JT: I didn't know the story about the meeting before this whole thing started, the pre-evacuation meeting, and I didn't know how to deal with that. But you know, my background is, I'm a teacher, I was an educator, so you learn, as a teacher, how to do the dance. You get thrown off by certain things, you know how to deal with it. I mean, that's just experience. And so this guy would say something, and he was a Kibei, and he would invariably, every single time, he would talk about my father. So I sort of challenged it, but I found a way to cope with that and not have it disrupt what I was trying to do. He was trying to discredit me through my father. And the funny thing was -- and this jumps way ahead -- I'm in Washington doing all the redress work, and I go to the National Archives whenever I feel like I can take a break from being on the Hill, which wasn't very often. One day I thought, oh, I'm going to go over to Suitland in Maryland, where they have all the property files. I'm going through some files, and I come across this document that has "confidential" on it. I thought, "Why is this sitting in this?" And I pulled it out, this is like karma. I pulled it out, it's an informant's report where this guy says, "Our informant at Manzanar," and this description of the people he's nailing, and there's my father. Then I realized later, all these -- not all, but several of the people on that report, apparently he was following them in camp. When the riots broke out at Manzanar, all the people who got arrested were Kibei. My father was one, there was another man named Harry Ueno, and a couple of others whose names I saw on that report. So I could go to, I guess I could go to jail for having done this, but I stole it. I took it out of the files and I slipped it under my shirt and walked out with that. And I made copies, thinking, I'll make copies, I'll go back and I'll put it back, which I never did.

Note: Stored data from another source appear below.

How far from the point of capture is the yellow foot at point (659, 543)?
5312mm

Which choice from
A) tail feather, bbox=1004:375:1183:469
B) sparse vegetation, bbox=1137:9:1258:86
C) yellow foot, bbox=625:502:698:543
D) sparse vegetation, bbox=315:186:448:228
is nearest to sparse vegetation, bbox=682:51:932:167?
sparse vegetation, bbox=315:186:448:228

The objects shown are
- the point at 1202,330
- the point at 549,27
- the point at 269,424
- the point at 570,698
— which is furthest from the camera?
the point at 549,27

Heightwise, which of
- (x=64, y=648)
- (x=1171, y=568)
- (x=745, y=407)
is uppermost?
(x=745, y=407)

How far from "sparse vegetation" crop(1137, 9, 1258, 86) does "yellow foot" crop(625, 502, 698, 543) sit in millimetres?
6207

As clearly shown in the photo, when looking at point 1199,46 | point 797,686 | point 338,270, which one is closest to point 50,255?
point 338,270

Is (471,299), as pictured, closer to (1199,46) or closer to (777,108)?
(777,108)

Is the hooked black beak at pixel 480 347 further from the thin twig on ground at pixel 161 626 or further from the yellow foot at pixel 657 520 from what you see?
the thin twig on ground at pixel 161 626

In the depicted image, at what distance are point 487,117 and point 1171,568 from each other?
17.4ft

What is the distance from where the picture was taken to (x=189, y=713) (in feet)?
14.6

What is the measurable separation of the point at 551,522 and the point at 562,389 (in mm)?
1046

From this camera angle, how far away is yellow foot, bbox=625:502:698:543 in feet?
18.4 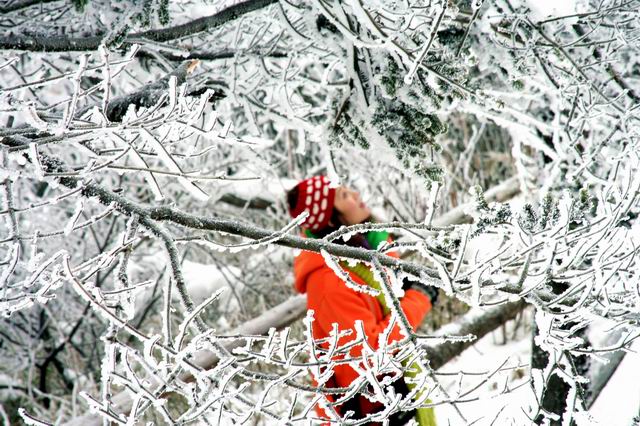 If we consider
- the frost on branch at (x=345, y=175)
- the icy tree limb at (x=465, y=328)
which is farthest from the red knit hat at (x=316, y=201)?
the icy tree limb at (x=465, y=328)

TI: And so where is this? Do you have this someplace in your files?

JT: Oh, I had about five copies in different places. So the next time I was back... and by now, I was the national chair. I was back in San Francisco doing a meeting, and this guy shows up with his wife, and I said, "Come on over here, I want to show you something," and I give him this report. And if a Nisei could blush and then turn a whiter shade of pale, he did. I thought he was going to have a heart attack. And I said, "You were an informant, you were inu in camp." I mean, the only thing worse you could be... well, there was nothing worse you could be. And so I said, "I'll tell you what I want you to do. Every time I have a meeting, community meeting, I want you to get up and apologize, and say that you were wrong about my father, and you had fabricated these stories." And he refused to do it, and I said, "Okay, the Nichi Bei, the PC, the Rafu Shimpo, every Japanese paper in this country is going to get a copy of this." And he just tears it up, I said, "Don't be stupid, I have a bunch of copies. That's not the only one I have." So at that meeting, he did that, he got up and apologized to me. But later he said, "You know, I can't be at every meeting." And I said, "Well, it's really interesting, because you've been at every single meeting I've spoken at, and made this claim. So I kind of figure you can figure out where I'm going to be, and I'll make sure it's announced in the local papers." And for a year, he showed up at every single meeting and made this comment.

TI: And what was the apology? What did he apologize for?

JT: He said, "You know, I said before that John's father was a troublemaker and had stirred up this problem, troubles in camp," and he said, "actually, I realized I was wrong," and that was it. And I was satisfied with that.